You can make a lot of money doing this. I paid for Christmas with this in 2015. I call this “Christmas money” because over the space of a year you can make enough to buy Santa’s presents.
2. Mystery shopping
I have been mystery shopping for various companies since 2007. I started because I was bullied in my job and I felt disrespected and like my voice didn’t matter. This gave me a way to build my self-esteem, feel like my opinion made a difference and make money at the same time. For mystery shops, you don’t just get paid in cash. Sometimes, you get freebies too. I’ve had free ice-cream, free meals in restaurants, free casino trips (with money to gamble and the chance to keep my winnings), free entry into museums etc. It’s fun too, going undercover. #SpyLife
Since 2007, mystery shopping has changed beyond recognition. It used to be a proper job with lots of paperwork. Now it’s all done with apps. You’ll often need a special referral code to sign up but if you get one, it can be lucrative. Some of the best apps are Field Agent and Be My Eye (refer with “p0ndvy”). My personal favourite is Roamler, and that’s where I make the most money, but it can be difficult to get a referral code for that as agents are only given a certain number of codes each time they’re promoted. So, for level 2, you get 2 codes, level 3 you get three codes etc. It’s worth holding out for one because Roamler really are the best of the bunch in my opinion.

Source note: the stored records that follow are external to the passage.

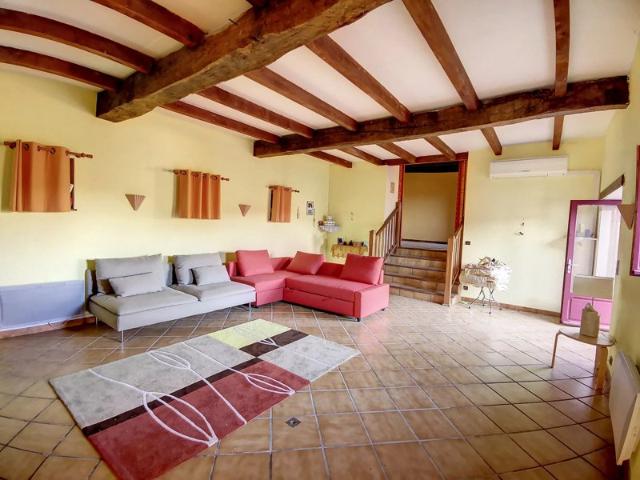 Belle maison, vaste terrain, vue panoramique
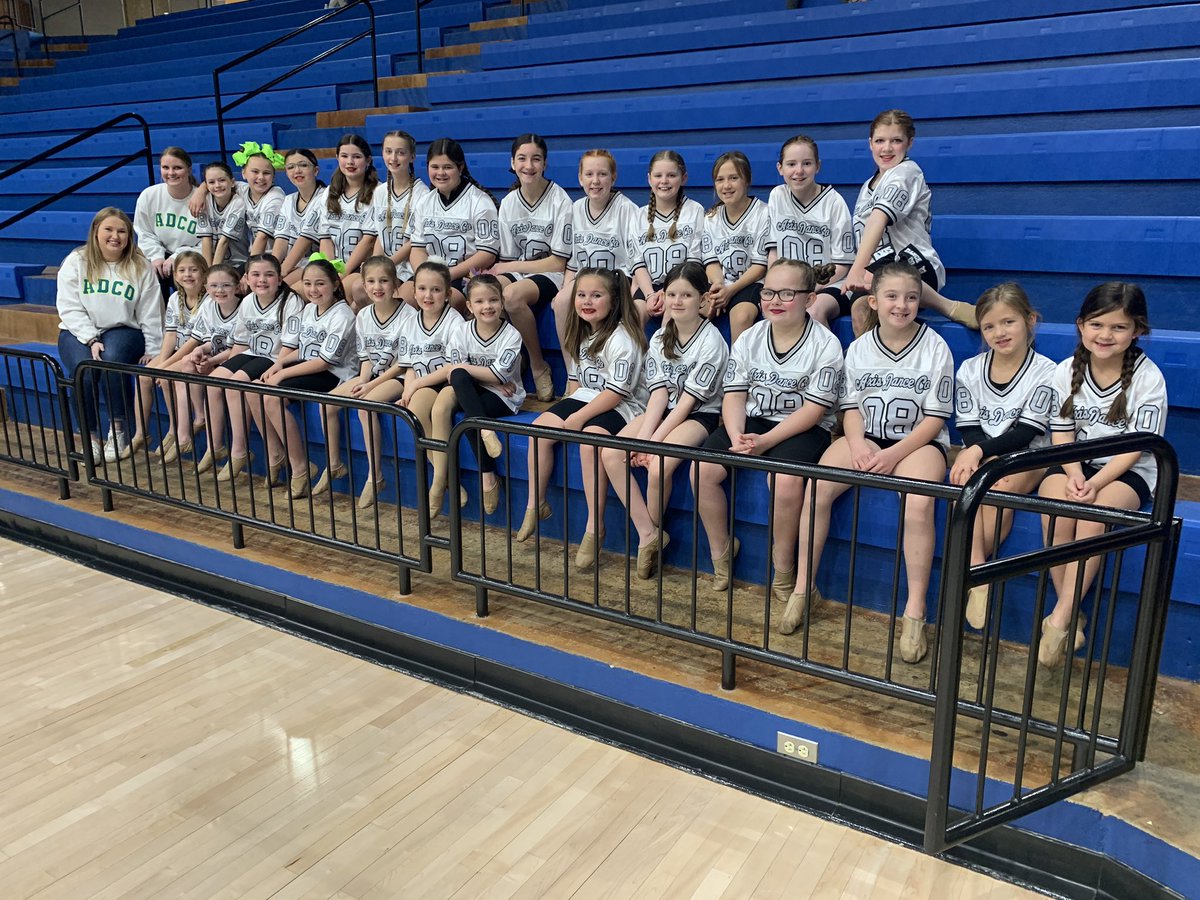 GoSoutheastern's tweet photo. Thank you to our friends at Axis Dance Co for coming out and performing at the Savage Storm Basketball games this afternoon! 

#StormChaSE / #AxisDance https://t.co/CJuMNclQRT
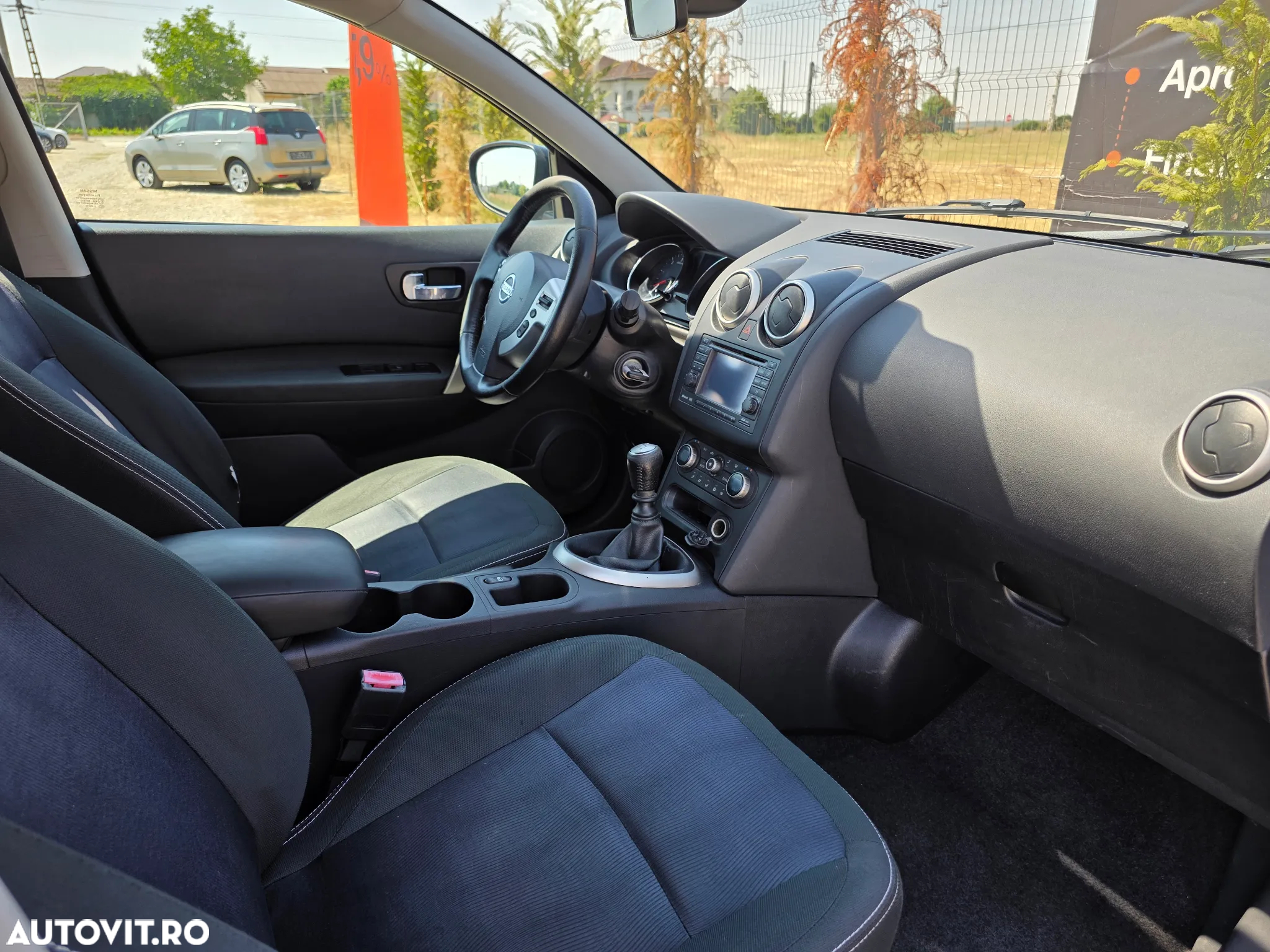 Nissan Qashqai 2.0 DCI DPF Tekna - 16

I call this “Cyprus money” because it’s how I pay for my trips to Cyprus.
1. Publish a really good e-book
You can’t just sit down and write a great thriller and make money. It’s not as simple as that, although a lot of people seem to think it is – and are bitterly disappointed when they realise it isn’t. I’m currently working on a coaching e-book that will lift the lid on all the things you should do to maximise your chances of success, such as choosing a niche genre, promoting for free and deciding whether to utilise KU. In the meantime, you can read this article I did on OxGadgets last year or view my books on Amazon (of course I’m selling something! Did you think I was writing this article just for something to do? LOL). Or, if you’re feeling generous, you could buy me a coffee.
I call this “how I pay the bills” although recently I haven’t been paying much of anything with book royalties. But since 2011 I’ve made over $11,000 which by self-publishing standards is pretty good, especially considering how clueless I was when I started out.
Do you have any other ways to make money online? Share them!